*** Collected material ***
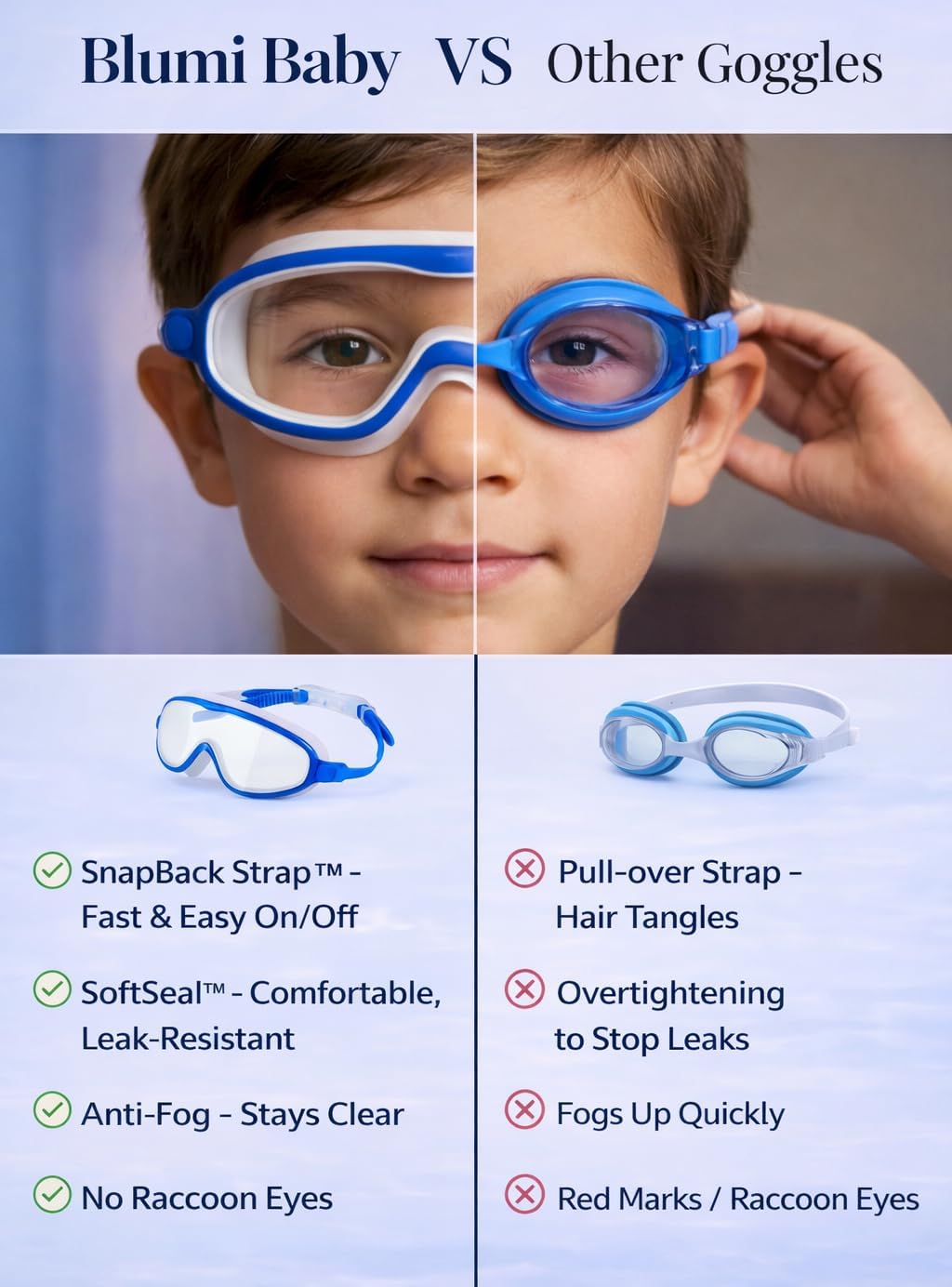 SWZEC Blumi Baby SplashyEyes Goggles - Comfortable, Waterproof Design for Kids | Fun Colors Available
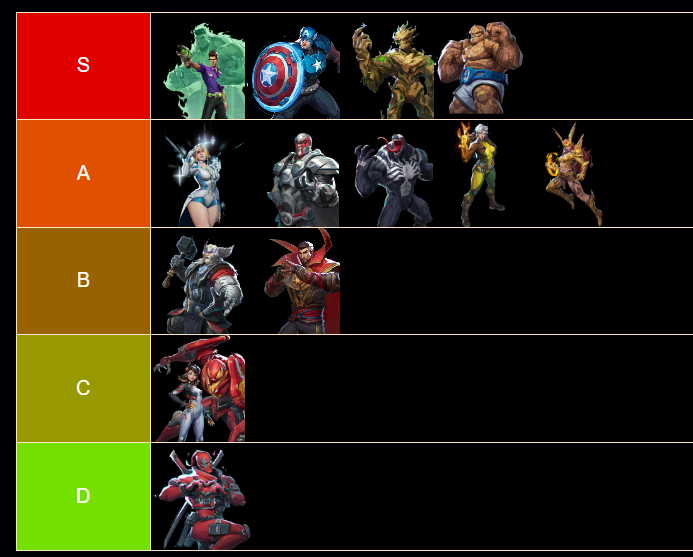 LFT/LFO As EU off tank
Previously With CrownFall 

dis : imlk6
***
* Your goal: Strip out the pictures and quote the remaining data word for word.

* Response to the task:
 SWZEC Blumi Baby SplashyEyes Goggles - Comfortable, Waterproof Design for Kids | Fun Colors Available
 LFT/LFO As EU off tank
Previously With CrownFall 

dis : imlk6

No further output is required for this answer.